Grexit : "Nous entrons dans une zone de surveillance"
Alors que, lors du référendum du 5 juillet dernier, les Grecs se sont massivement prononcés contre les propositions des créanciers de la Grèce, le spectre d'une sortie de la zone euro de la République hellénique plane plus que jamais sur l'Union européenne. Quelles seraient alors les conséquences d'un "Grexit" pour les acteurs économiques ? Faut-il céder à la panique ? Éléments de réponse avec Sharon Lewis et Richard Jadot, avocats associés chez Hogan Lovells, respectivement responsable du département Finance au niveau mondial et responsable du département Banque & Finance à Paris.
Si la Grèce venait à sortir de la zone euro, qu'adviendrait-il des contrats en cours avec des acteurs grecs pour les entreprises étrangères ?

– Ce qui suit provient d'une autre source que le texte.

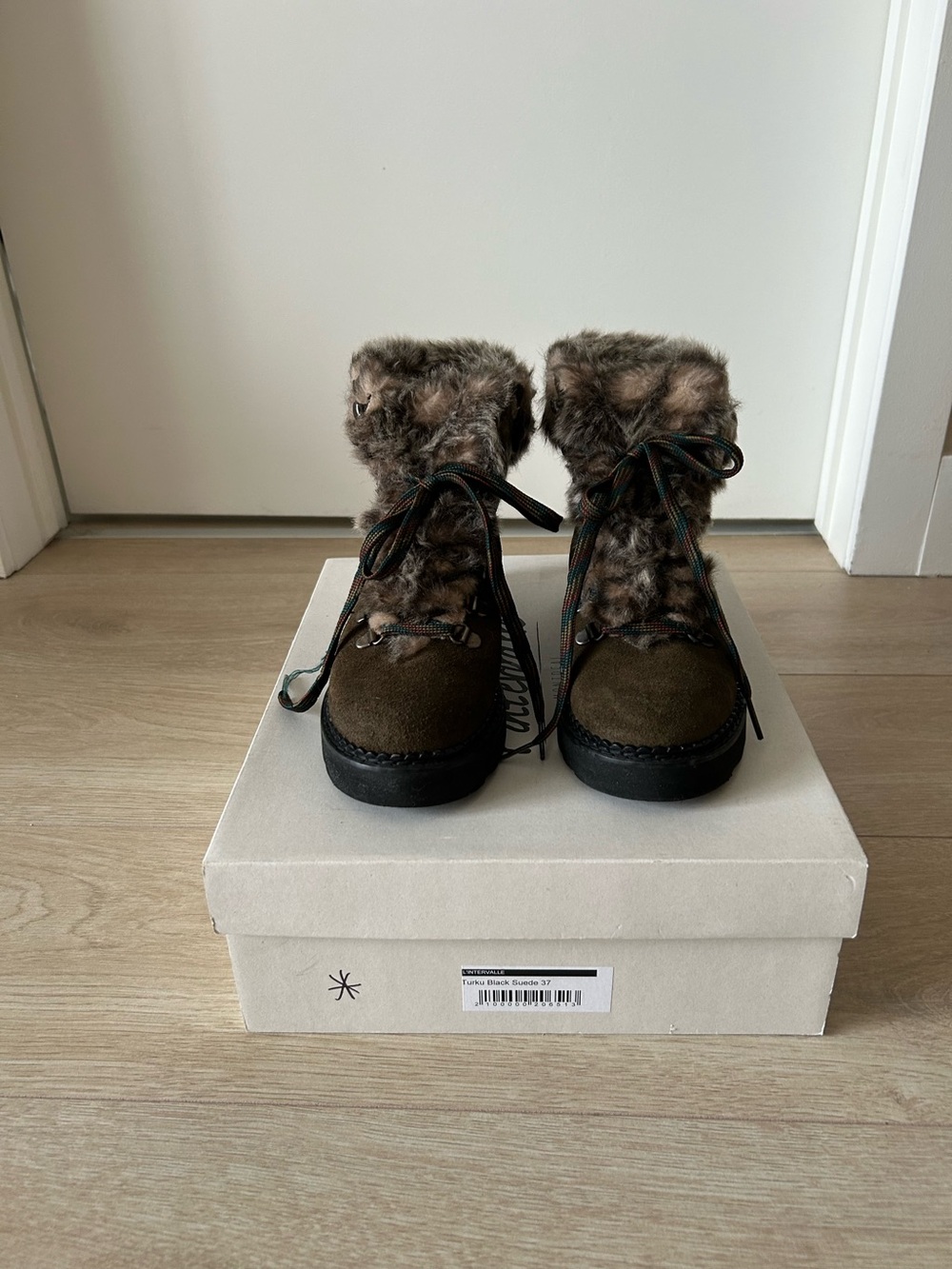L’Intervalle Faux-Fur Trim Suede Winter Boot - Olive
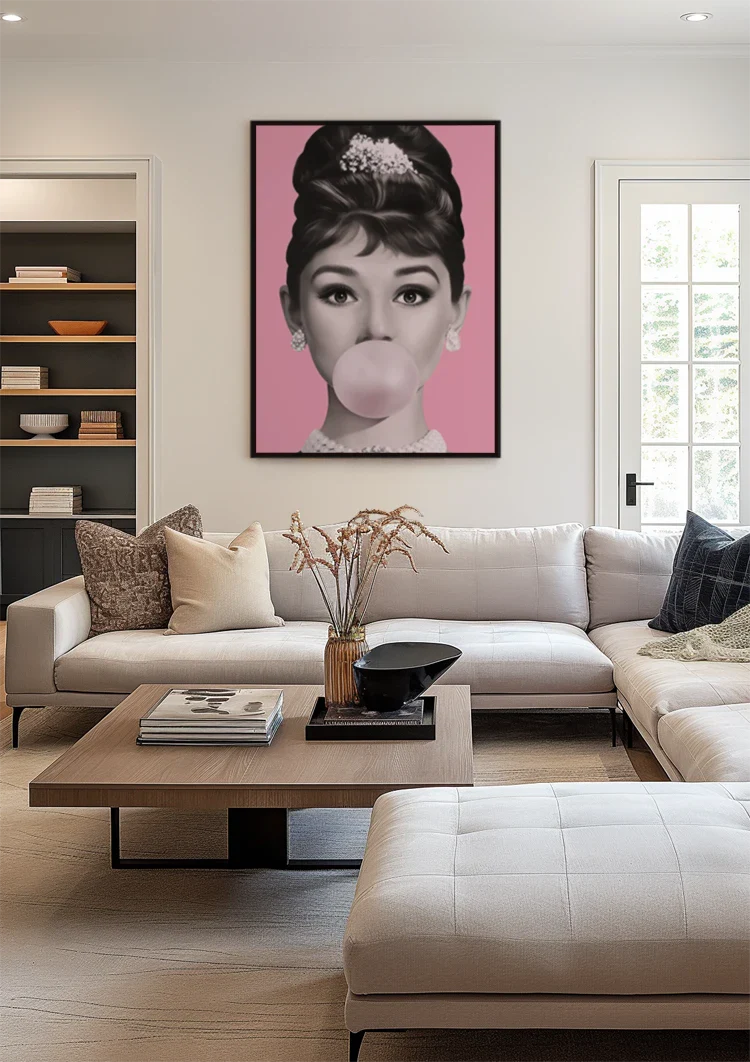 Rosa Kaugummi-Dame Elegante Hochsteckfrisur Pop-Art-Porträtgemälde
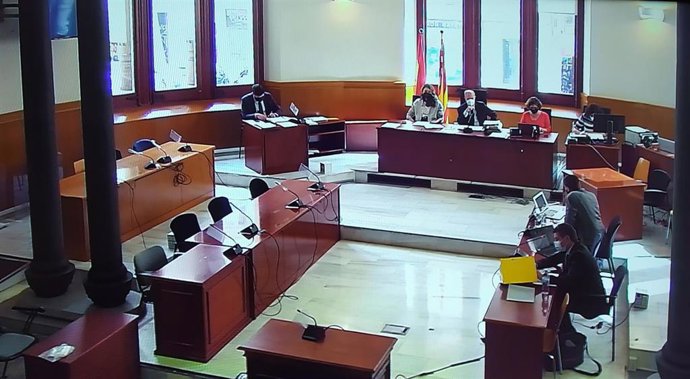 Archivo - Juicio a 13 estudiantes acusados de desórdenes y daños en una huelga estudiantil el 2 de marzo de 2017. Audiencia de Barcelona, el 3 de junio de 2021.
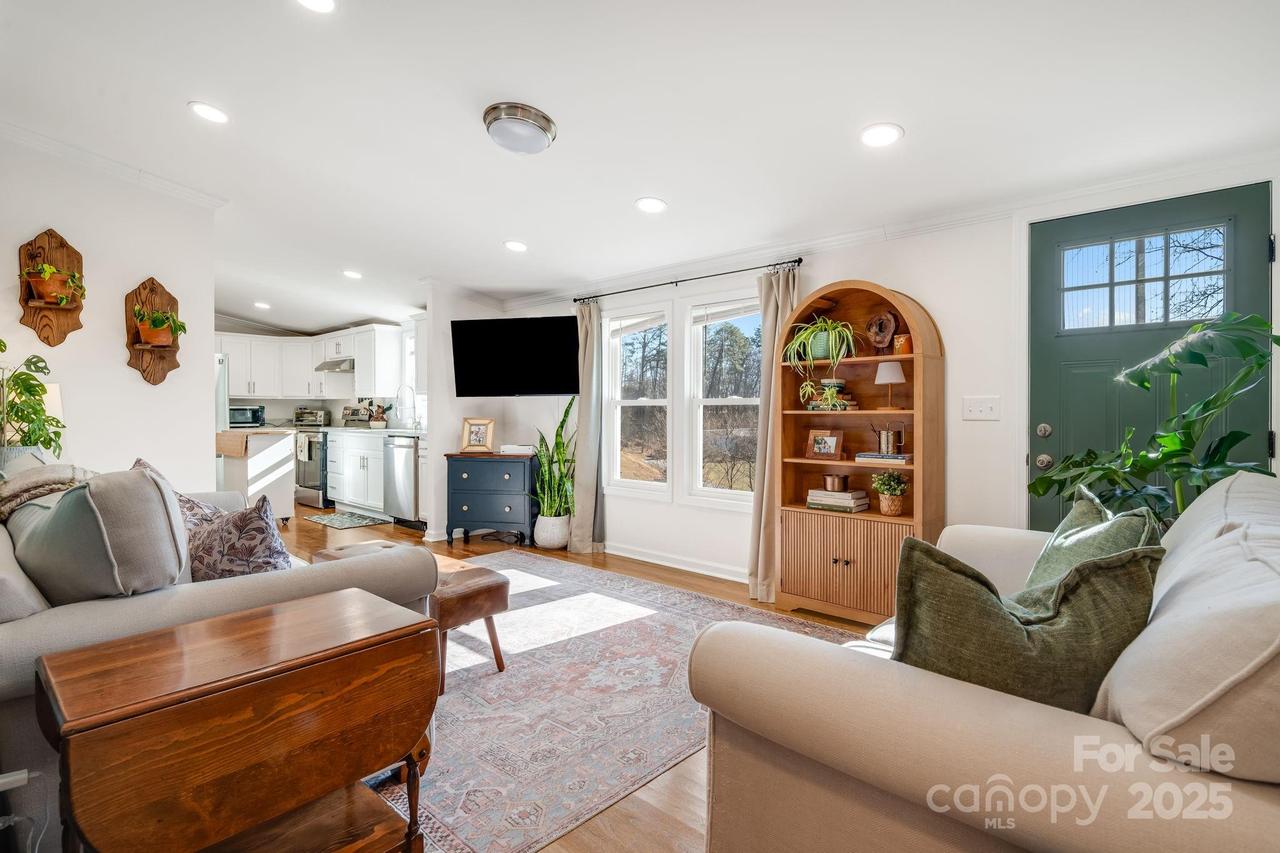 213 Sandy Creek Ct., Hendersonville, NC 28792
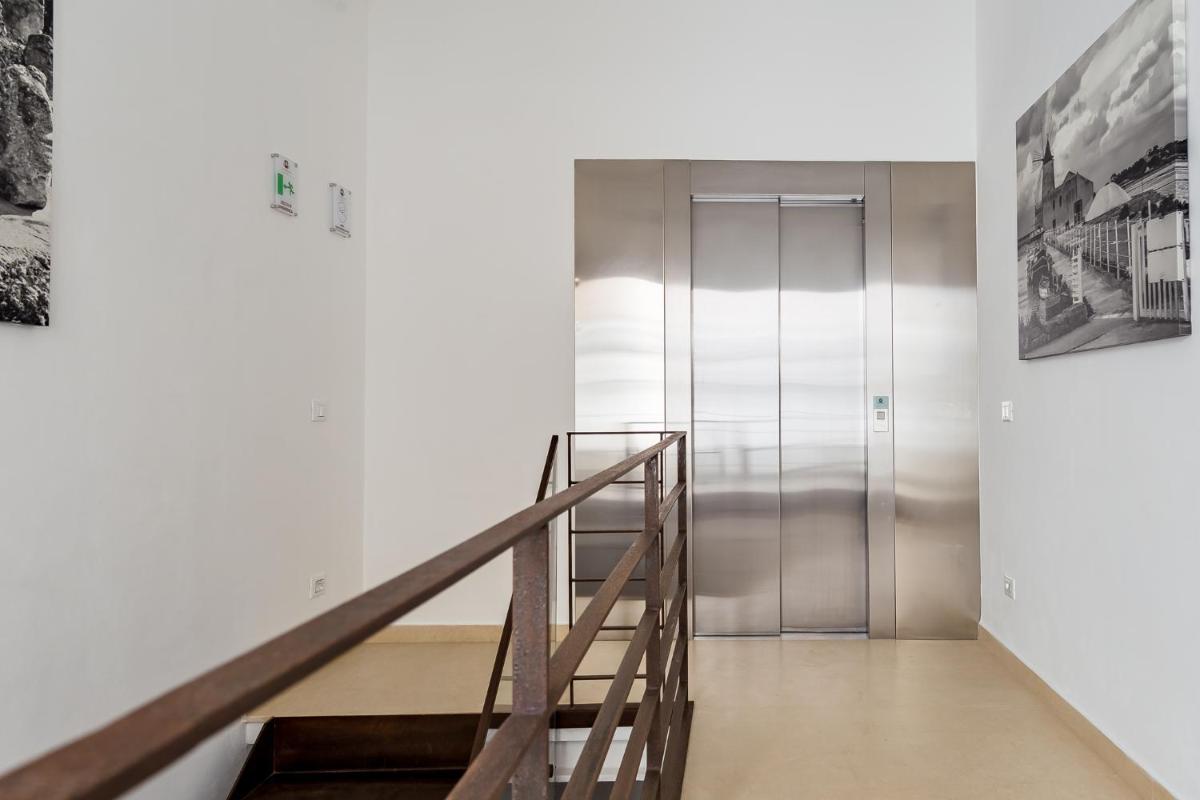 Le Maestranze Deluxe Rooms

Sharon Lewis : Cela dépendra de ce que prévoit le contrat. Si cela devait arriver, on pourrait s’attendre à ce que, du côté grec, la devise remplaçant l’euro soit d’ordre public. Pour tout autre droit, un changement de devise ne changerait pas forcément ni le contrat, ni l’obligation de payer en euro, sauf, comme aujourd'hui, si les contrôles de capitaux continuaient, et il faudrait alors voir s'il y a illégalité ou force majeur. La sortie de la Grèce de la zone euro ne devrait pas entraîner le défaut des engagements en eux-mêmes. En revanche, elle pourrait avoir des conséquences sur les entreprises : vont-elles devenir précaires ?
Richard Jadot : Nous n’entrons pas dans une zone de panique mais dans une zone de surveillance de tous les éléments juridiques et contractuels. Ceux qui seront le mieux préparés aux prochains événements sont ceux qui auront le mieux surveillé, notamment les conséquences d’un changement de devises, du contrôle des changes, des procédures collectives, des faillites et de l’insolvabilité des entreprises grecques, ce qui implique une surveillance du droit local.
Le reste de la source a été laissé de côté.